Bref, tant que le Rubicon n'est pas franchi (s'opposer brutalement au Chef de l'État en s'appuyant sur la majorité parlementaire – précédent de Jacques Chaban-Delmas en 1972) des relations variées sont perceptibles : acrimonieuses (François Mitterrand et Michel Rocard, 1988-1991), respectueuses (François Mitterrand et Pierre Mauroy, 1981-1984) ; complices (Jacques Chirac et Alain Juppé, 1995-1997) et distantes (Nicolas Sarkozy et François Fillon, 2007-2012).

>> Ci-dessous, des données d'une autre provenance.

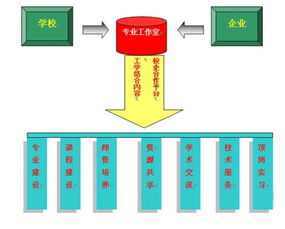 揭秘：工学结合到底是什么？ 3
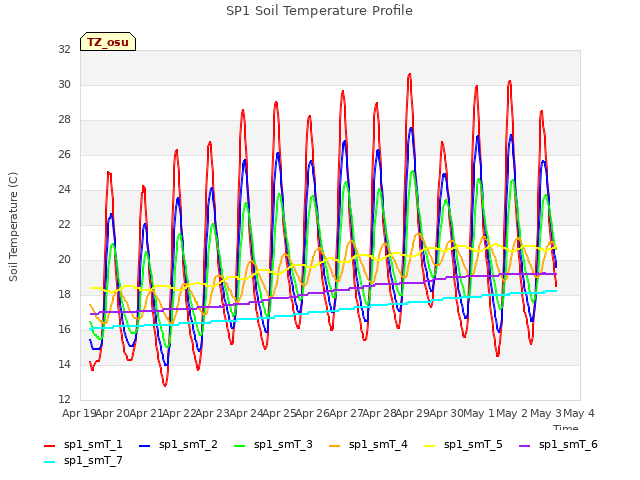 plot of SP1 Soil Temperature Profile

91. – Dialogue au sein de l'Exécutif dans les affaires intérieures – Si pendant les cohabitations, lePremier ministre arrête les options fondamentales engageant la politique de la Nation, son rôle s'avère aussi décisif en période présidentialiste. Mutatis mutandis, les relations entre l'Élysée et Matignon s'articulent autour des règles de comportement suivantes :
sur la plupart des dossiers, le Premier ministre tranche quotidiennement un nombre conséquent de différends techniques ou budgétaires opposant les ministres et, au sens littéral du terme, décide. Jean-Pierre Raffarin le confiera : "la force de Matignon est sa capacité de décision. Jour et nuit, tout événement, tout projet peut être analysé avec compétence et lucidité". L'Élysée est ici seulement tenu informé et, sauf cas particuliers, le ministre pour lequel l'arbitrage ne lui a pas été favorable ne dispose pas d'un droit d'appel devant le Chef de l'État qui s'en remet donc à la position du Premier ministre ;
pour d'autres dossiers (dont la liste et le contenu dépendent d'une appréciation purement politique) l'Élysée est consulté en amont avant toute prise de décision essentielle puis pendant le processus législatif sur les amendements décisifs ;
enfin, sur n'importe quel sujet, le Président de la République dispose d'un droit d'évocation. L'affaire jusqu'ici gérée par Matignon remonte à l'Élysée qui s'empare du dossier et tranche (comme la suppression de publicité sur les chaînes de l'audiovisuel public, en 2009). Ici, l'Élysée décide et Matignon met en œuvre. On pensera ici tout particulièrement à la figure du Chef d'État-bâtisseur décidé à laisser son empreinte dans l'urbanisme parisien (Centre Beaubourg, Opéra Bastille, Pyramide du Louvre, Très Grande Bibliothèque, Musée des arts premiers).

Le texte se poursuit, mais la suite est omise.